In constrained delegation architectures, a virtual server on the BIG-IP system - acting as a Kerberos service principal - joins a Kerberos (Active Directory) realm. The user connects to a BIG-IP HTTPS virtual IP address requiring a client certificate. The client certificate is accepted and verified against the appropriate security mechanisms. The client certificate is then mapped to a user name based on the Subject Alternative Name: User Principal Name field.

The BIG-IP system then uses the S4U2Self Kerberos protocol extension to fetch a service ticket for the user from the KDC (Key Distribution Center). The initial ticket is used to retrieve another service ticket to a constrained service such as Microsoft Outlook Web Access or SharePoint. This ticket is encoded into a one-time GSS (General Security Services API, which Microsoft calls the SSPI) token, base64-encoded in the "WWW-Authenticate: Negotiate" request header and passed onto the service.

Both tickets are stored in a credential cache on disk on the BIG-IP system. An encrypted cookie is inserted into the response with a unique pointer to the file-based credential cache. When the user revisits the site, the cookie is decrypted and the credential cache is consulted to generate a new onetime token that is used to authenticate the user to the desired service.

Each subsequent request must have a new confounder in the token, which means a single token cannot be reused. Each request requires that a new GSS token be generated from the cache, although only the first generation requires invocation of external KDC services.

screen shot
Figure 2: Step-by-step flow of authentication on the first request made by a user in a Kerberos constrained delegation architecture.
  1. A request for a service is made via an SSL-enabled connection to the BIG-IP system. An iRule intercepts the client certificate.
  2. The ACA module verifies the client certificate is valid.
  3. The ACA module extracts Service Principal Name.
  4. The User Principal Name and a service ticket to the BIG-IP system are passed to the KDC. The user’s service ticket is returned to the BIG-IP (S4U2Self).
  5. The service ticket is placed in a credential cache file.
  6. The service ticket is encoded and then sent to the requested service in the HTTP headers.
  7. Along with the response from the service, a cookie with the encrypted credential cache name is returned to the client.

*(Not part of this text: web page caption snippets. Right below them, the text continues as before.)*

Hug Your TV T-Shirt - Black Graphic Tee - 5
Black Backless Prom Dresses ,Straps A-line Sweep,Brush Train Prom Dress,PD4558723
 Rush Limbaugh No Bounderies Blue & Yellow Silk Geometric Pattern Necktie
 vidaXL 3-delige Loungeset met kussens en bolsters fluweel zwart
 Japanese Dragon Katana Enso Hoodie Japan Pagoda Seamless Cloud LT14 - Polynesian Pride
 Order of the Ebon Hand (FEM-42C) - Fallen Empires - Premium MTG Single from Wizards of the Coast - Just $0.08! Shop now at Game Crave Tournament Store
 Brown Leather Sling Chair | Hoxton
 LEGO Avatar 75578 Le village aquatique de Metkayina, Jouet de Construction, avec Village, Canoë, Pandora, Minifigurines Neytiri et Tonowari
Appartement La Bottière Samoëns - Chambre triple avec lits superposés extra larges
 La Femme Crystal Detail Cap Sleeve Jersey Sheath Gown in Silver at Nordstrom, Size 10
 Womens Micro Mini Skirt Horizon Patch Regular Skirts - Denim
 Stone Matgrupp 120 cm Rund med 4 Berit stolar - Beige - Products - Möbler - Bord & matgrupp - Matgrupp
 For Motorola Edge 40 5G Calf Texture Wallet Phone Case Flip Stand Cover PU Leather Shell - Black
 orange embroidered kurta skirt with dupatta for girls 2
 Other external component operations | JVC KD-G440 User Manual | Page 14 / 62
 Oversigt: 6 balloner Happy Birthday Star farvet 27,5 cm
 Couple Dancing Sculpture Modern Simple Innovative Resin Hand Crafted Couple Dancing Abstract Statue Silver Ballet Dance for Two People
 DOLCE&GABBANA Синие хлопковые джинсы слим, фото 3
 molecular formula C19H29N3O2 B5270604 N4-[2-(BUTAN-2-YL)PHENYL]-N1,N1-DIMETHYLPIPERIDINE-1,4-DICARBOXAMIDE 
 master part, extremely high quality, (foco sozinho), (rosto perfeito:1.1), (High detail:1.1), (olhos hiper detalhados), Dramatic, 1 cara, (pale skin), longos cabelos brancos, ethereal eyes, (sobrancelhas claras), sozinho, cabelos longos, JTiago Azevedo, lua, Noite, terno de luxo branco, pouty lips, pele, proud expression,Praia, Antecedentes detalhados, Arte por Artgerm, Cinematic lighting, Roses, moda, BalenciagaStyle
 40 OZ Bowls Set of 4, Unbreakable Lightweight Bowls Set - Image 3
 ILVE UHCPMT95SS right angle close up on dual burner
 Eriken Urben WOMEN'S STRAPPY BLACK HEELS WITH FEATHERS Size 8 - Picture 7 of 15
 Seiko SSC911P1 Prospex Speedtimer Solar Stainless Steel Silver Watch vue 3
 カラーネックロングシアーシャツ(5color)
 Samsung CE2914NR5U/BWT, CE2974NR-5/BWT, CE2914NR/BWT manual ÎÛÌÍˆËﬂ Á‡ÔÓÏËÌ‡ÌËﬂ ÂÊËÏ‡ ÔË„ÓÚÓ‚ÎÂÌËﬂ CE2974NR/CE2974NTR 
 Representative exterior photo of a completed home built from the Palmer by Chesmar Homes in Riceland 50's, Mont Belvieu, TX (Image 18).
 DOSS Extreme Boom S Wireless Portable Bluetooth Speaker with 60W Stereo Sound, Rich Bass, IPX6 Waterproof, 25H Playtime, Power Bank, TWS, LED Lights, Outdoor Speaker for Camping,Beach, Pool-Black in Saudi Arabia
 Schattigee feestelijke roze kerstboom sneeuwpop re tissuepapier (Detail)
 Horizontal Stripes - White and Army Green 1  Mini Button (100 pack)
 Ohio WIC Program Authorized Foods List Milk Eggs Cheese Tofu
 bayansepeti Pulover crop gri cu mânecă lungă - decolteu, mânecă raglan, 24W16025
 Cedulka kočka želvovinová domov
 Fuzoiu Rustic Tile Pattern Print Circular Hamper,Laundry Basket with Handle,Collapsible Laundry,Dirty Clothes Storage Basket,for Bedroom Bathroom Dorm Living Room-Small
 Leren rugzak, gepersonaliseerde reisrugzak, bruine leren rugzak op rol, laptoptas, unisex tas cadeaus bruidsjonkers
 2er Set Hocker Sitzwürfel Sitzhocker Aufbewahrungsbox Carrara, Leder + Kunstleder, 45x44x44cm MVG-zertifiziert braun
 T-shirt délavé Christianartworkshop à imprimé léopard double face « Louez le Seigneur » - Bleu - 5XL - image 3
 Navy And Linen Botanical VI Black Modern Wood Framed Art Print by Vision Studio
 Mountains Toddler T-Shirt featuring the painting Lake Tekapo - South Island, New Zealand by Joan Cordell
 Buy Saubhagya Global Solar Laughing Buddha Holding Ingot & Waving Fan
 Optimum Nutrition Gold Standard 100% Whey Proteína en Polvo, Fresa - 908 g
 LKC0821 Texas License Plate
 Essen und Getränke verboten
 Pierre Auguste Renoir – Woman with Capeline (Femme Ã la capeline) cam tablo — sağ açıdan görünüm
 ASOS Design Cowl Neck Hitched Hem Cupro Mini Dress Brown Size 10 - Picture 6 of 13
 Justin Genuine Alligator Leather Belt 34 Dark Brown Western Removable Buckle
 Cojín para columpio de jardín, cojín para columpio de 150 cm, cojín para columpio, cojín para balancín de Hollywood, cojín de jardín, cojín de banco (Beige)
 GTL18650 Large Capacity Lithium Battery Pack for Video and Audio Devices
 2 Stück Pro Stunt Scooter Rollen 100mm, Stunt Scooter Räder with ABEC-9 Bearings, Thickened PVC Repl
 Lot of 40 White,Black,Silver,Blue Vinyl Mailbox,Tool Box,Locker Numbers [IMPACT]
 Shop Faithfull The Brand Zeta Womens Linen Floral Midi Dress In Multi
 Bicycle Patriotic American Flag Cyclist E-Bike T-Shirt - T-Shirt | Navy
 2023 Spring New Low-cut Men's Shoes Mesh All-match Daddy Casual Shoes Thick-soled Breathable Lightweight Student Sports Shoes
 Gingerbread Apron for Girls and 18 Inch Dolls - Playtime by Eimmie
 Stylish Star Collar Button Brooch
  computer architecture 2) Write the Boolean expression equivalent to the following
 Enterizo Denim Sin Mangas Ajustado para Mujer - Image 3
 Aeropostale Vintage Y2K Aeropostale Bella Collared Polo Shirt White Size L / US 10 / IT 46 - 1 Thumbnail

On subsequent requests the cookie is examined and if it contains valid credentials then those credentials are retrieved from the cache and used again as an authentication header to the service. If no valid credentials exist, the request is treated as if it were a first time request.

Conclusion

The integration of smart card PKI with Kerberos has introduced multiple challenges in scaling authentication infrastructure as well as technical issues involving the use of application delivery controllers. F5 BIG-IP Local Traffic Manager with Advanced Client Authentication is a manageable solution to the problems of federating access to services across multiple domains as well as ensuring that smart card PKI access to services can be utilized regardless of the client’s choice of web-browser. Because BIG-IP LTM with ACA acts as an authentication proxy for services requiring Kerberos-based authentication and can intercept client requests, it can map client certificate credentials to Kerberos efficiently without requiring changes to the client and eliminates the need for multiple proxy authentication tiers.

F5 BIG-IP LTM with ACA in Kerberos protocol transition and constrained delegation architectures allows for a more scalable, efficient and secure infrastructure capable of federating access to services across domains and authentication realms, ultimately decreasing the capital and operational expenditures required to keep applications secure, fast, and available.